2. When Janna talks about not wanting to make her community look bad, my heart hurt. I completely understood. No community is perfect, but non-Muslims are always so ready to talk about backwards Muslims and men who beat their wives and savage religions that it’s difficult to say anything in criticism of your own culture, for fear of it being co-opted by others. It’s not that our cultures shouldn’t be criticized – but these outsiders looking in, blinded by prejudice and ignorance, simplify an enormously complex issue to suit their racist existing narratives.

I fully expect this book to see criticism from such people who will insist that the representation of the Muslim community in this book is “too positive” or “unrealistic” or whatever. To those people, I would say two things: first, screw you for thinking that Muslim communities can’t be good and kind and supportive. Second, yes, Muslims communities have their issues. You know what? So does literally every other community. We’re not special. What is special about us is that we’re nearly always portrayed negatively, so let us catch a fucking break for once. We don’t always have to talk about our intra-community problems just because that’s the narrative that people have come to expect.

This is one of very, very, very few #ownvoices books about Muslims by a Muslim, and it’s lost in a sea of books written by non-Muslims that portray us as violent sadists at best, ignorant savages at worst. It’s nice to have some positive representation for once. We deserve it. If that bothers you, work hard to make sure that thousands of other #ownvoices books about Muslims flood the publishing industry, so we can see more variety of stories.

Anyway: you guys, this book was so, so, so good. Every time I read something in this book that I related to, I got this…jolt. Like, hey, yeah, that’s me! That’s my family! That’s my community! It was an amazing feeling. Is this what everyone feels when they read books with people they can relate to on such a personal level?

Read this book. Even if you’re not Muslim – actually, especially if you’re not Muslim.
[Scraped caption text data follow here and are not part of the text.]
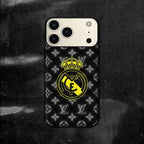 Real Madrid x LV- Aesthetic Phone Case for iPhone & Android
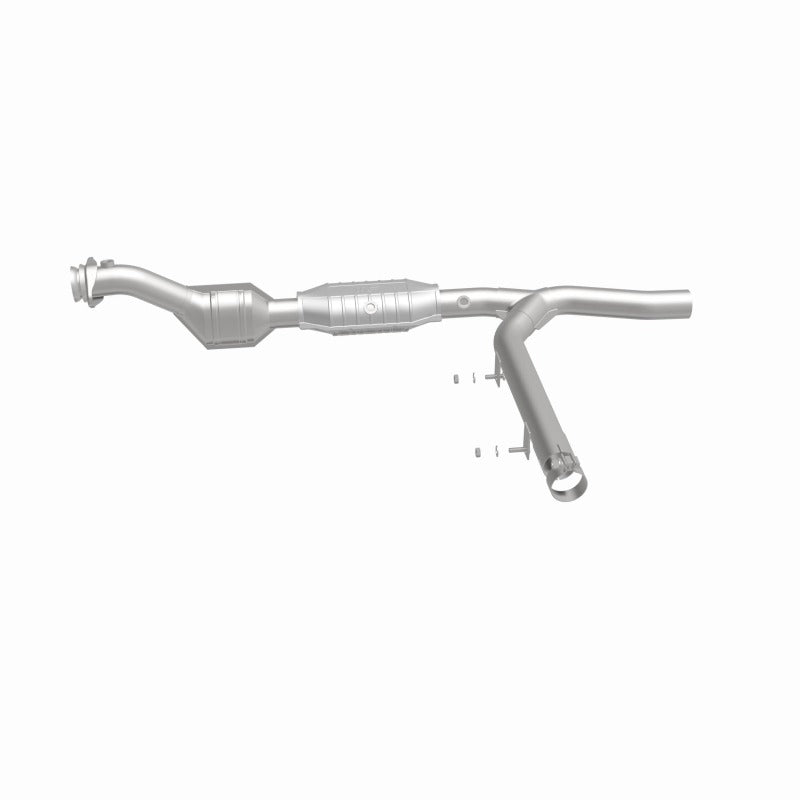 MagnaFlow Direct Fit Catalytic Converter 97-98 Ford Trucks 4.6L
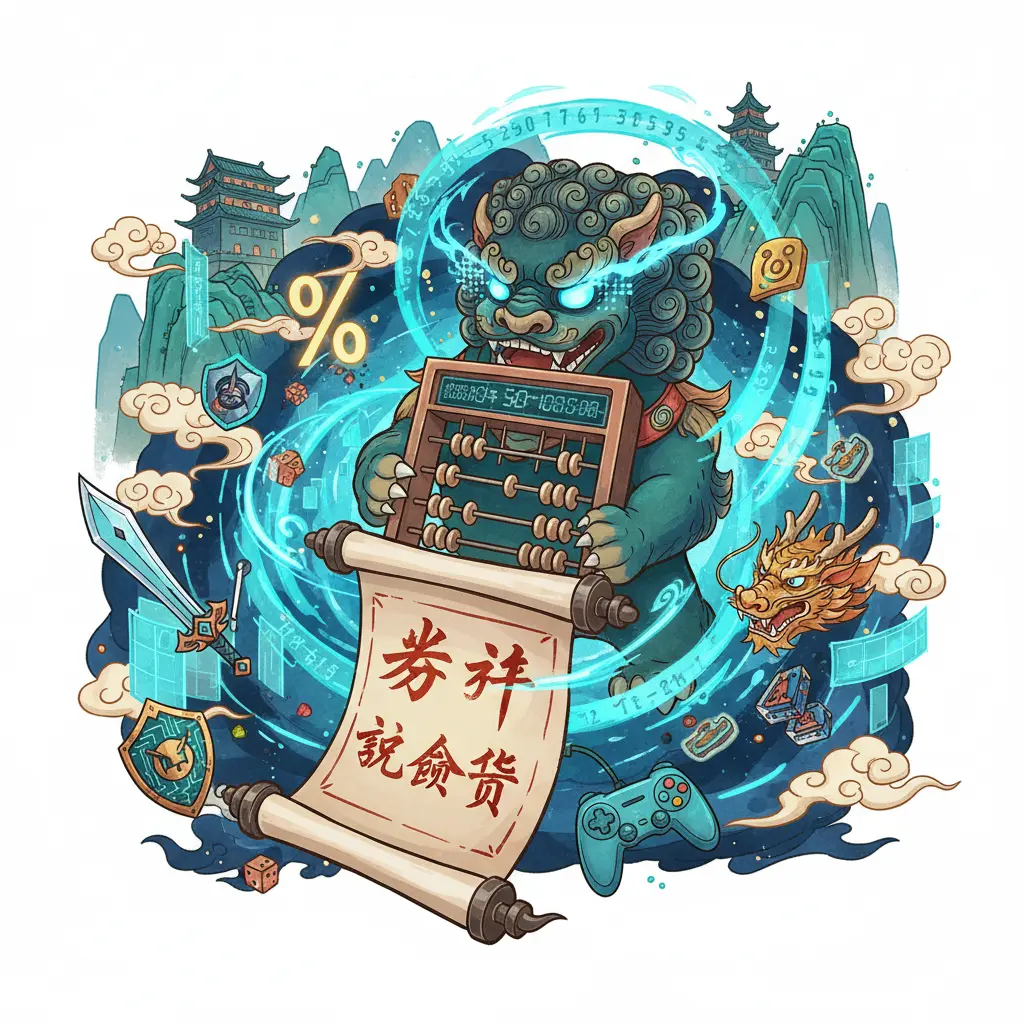 遊戲勝率 - 勝率計算器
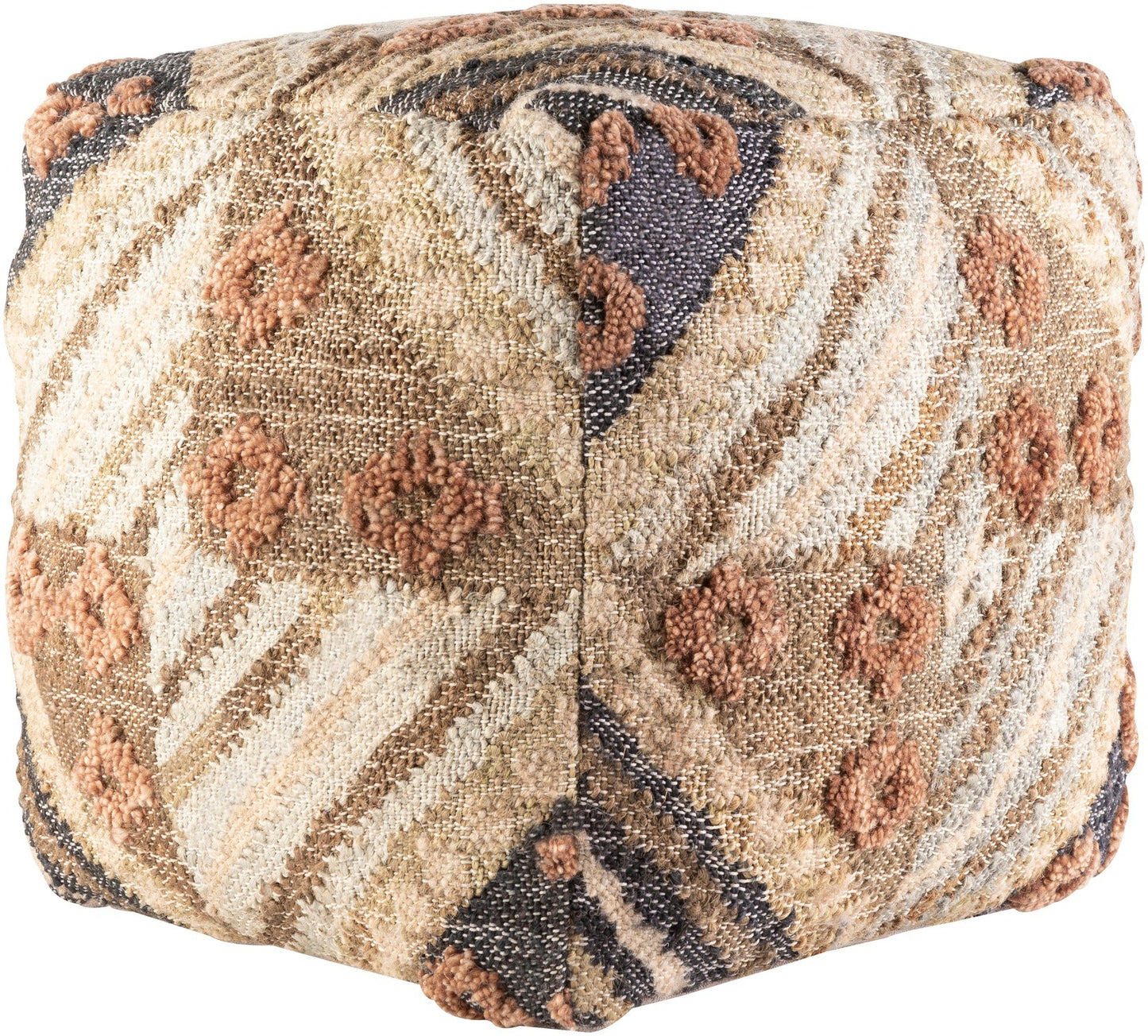 Luanda Pouf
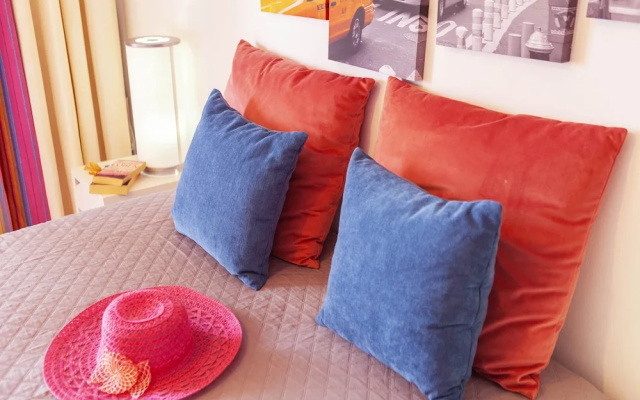 Apartment Vila Rosa Caledonia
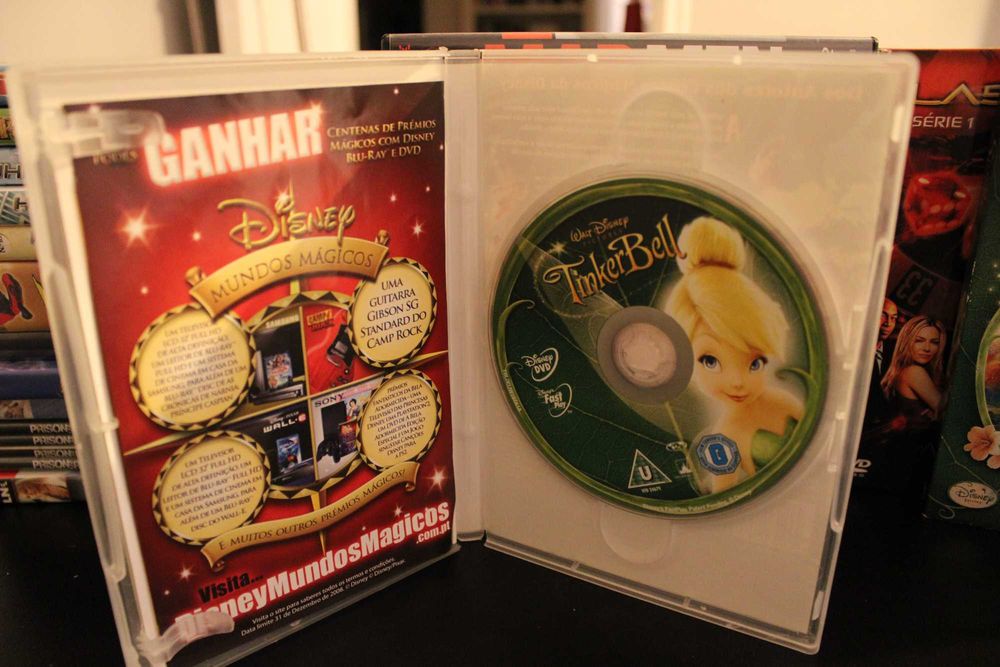 Sininho da Disney - Filme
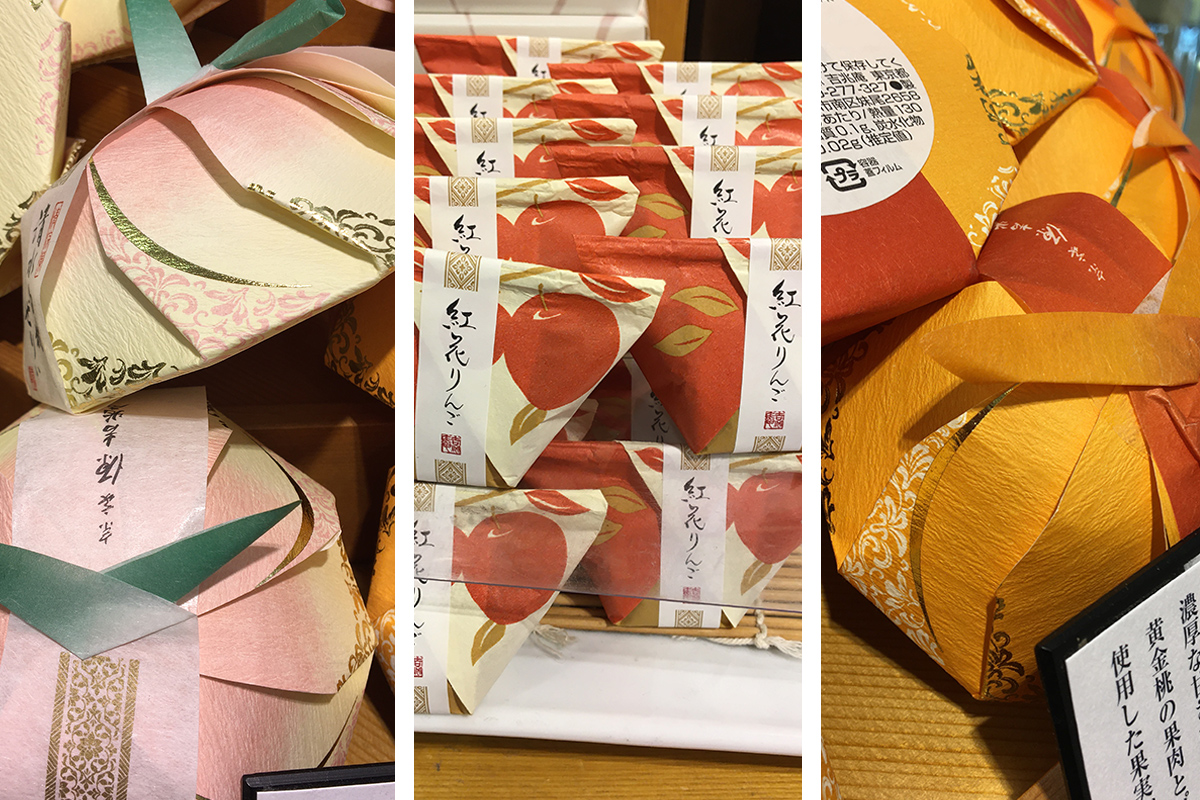 il concetto di tsutsumi nel packaging giapponese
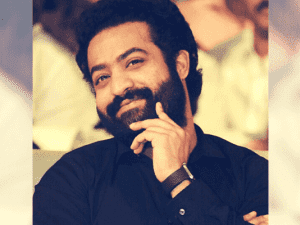 Ahead of his birthday on May 20, Jr NTR asks for a gift from his fans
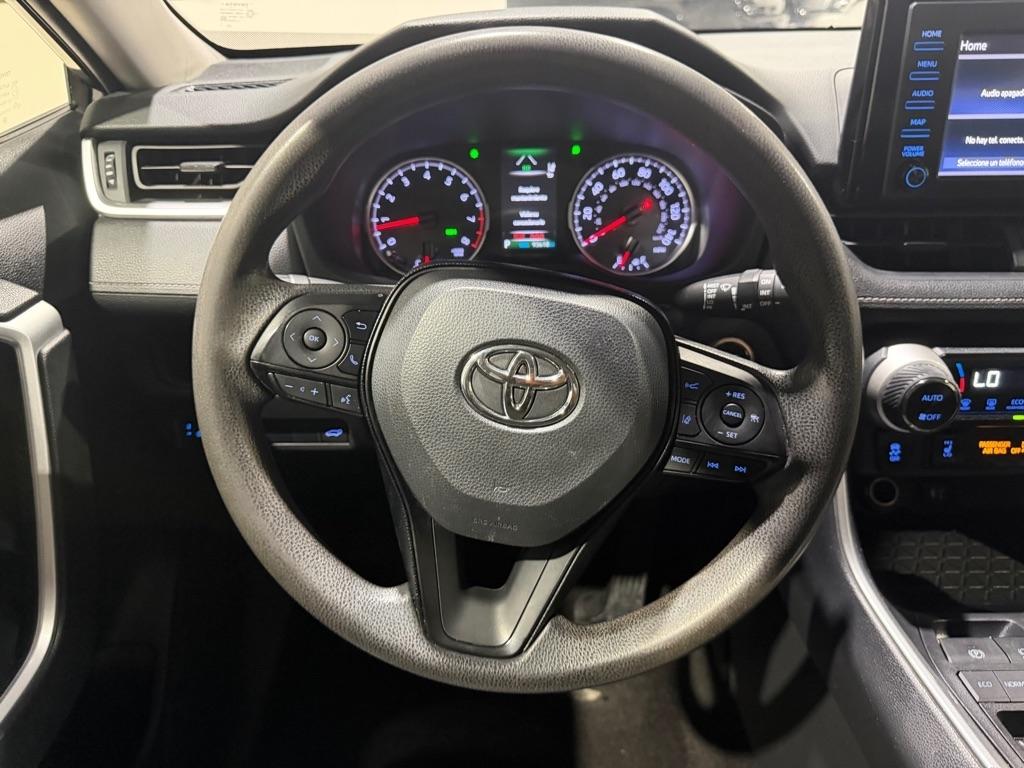Toyota RAV4 XLE 2019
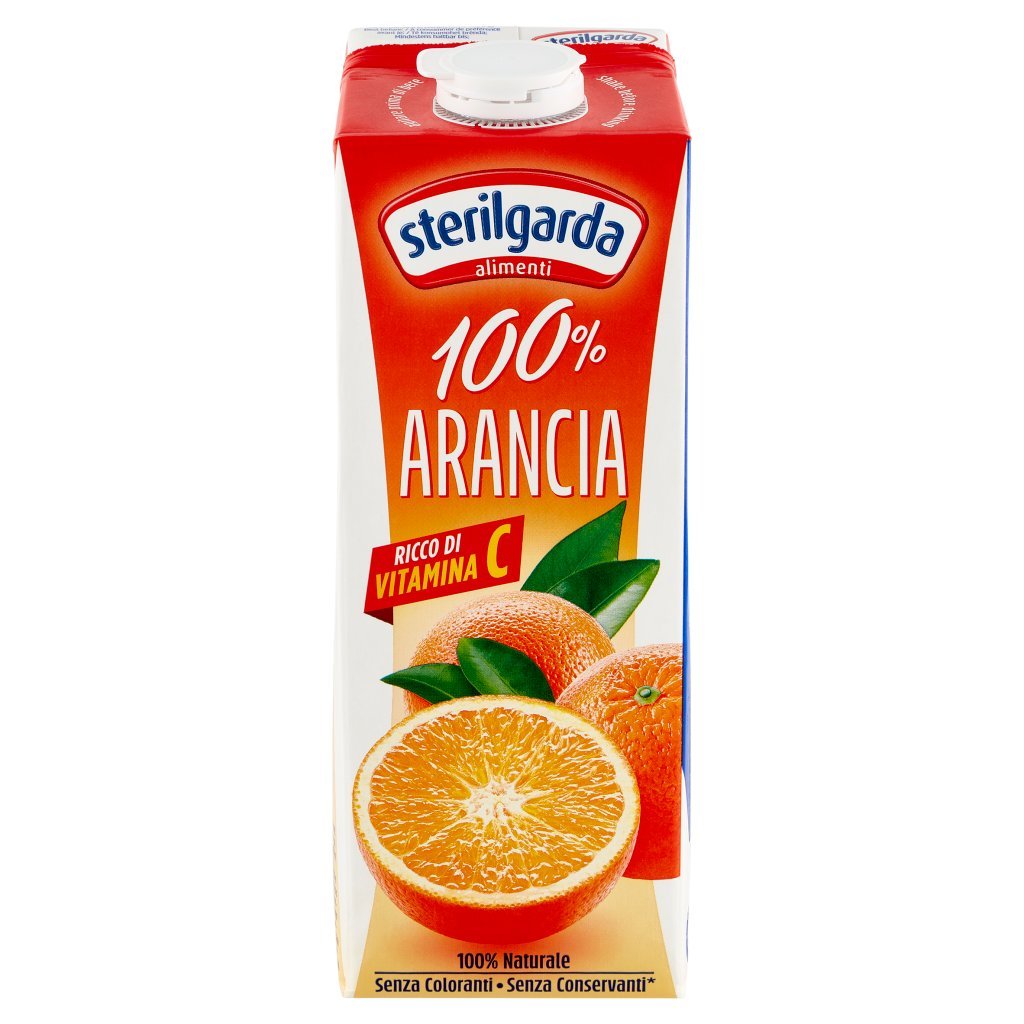 Sterilgarda 100% Arancia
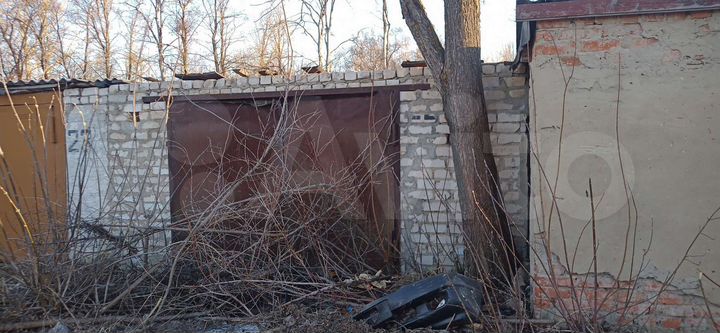 Гараж, 25 м²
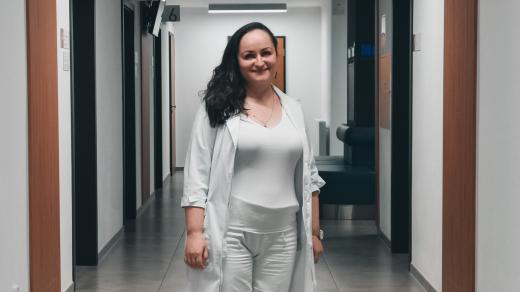 Oksana Unčovská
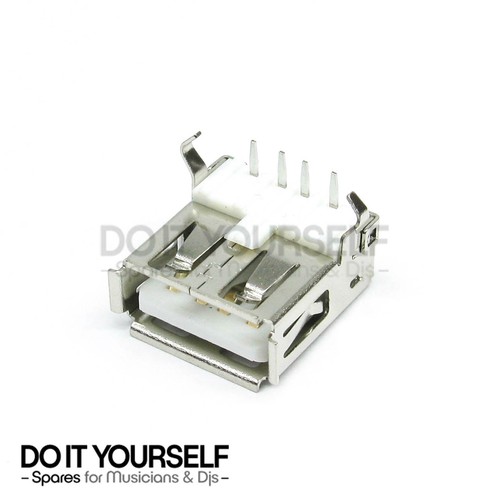 Connecteur usb frontal type - usb, a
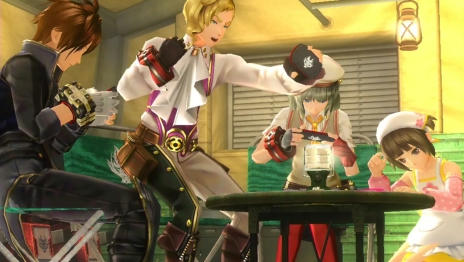 ꡼ No.024 | GOD EATER 2 RAGE BURSTסΤΰȿɤȲʥ饬ߡֿͻפȡΩġֺٱ祹פξ󤬸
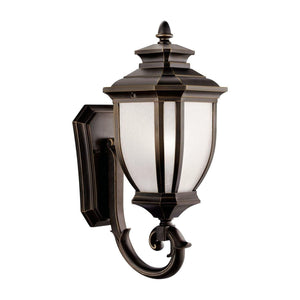 Kichler - Salisbury Outdoor Wall Light - Lights Canada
Especially if you don’t know much about Muslims or have conflicting feelings about Muslims. You’ll learn a lot. And even if you rarely read YA contemporary, I highly recommend picking this book up. It’s worth your time, I promise. It’s not juvenile or overly preachy and though it discusses many heavy topics, it’s never heavy-handed with them. And I literally could not put it down. Janna’s hilarious and deadpan narration kept me hooked, in a book where not too much happens! This is one of the few books I can see myself reading again and again, and I can’t wait for it to come out so I can buy a copy for my bookshelf.

Thank you to NetGalley for providing me with an ARC of this book!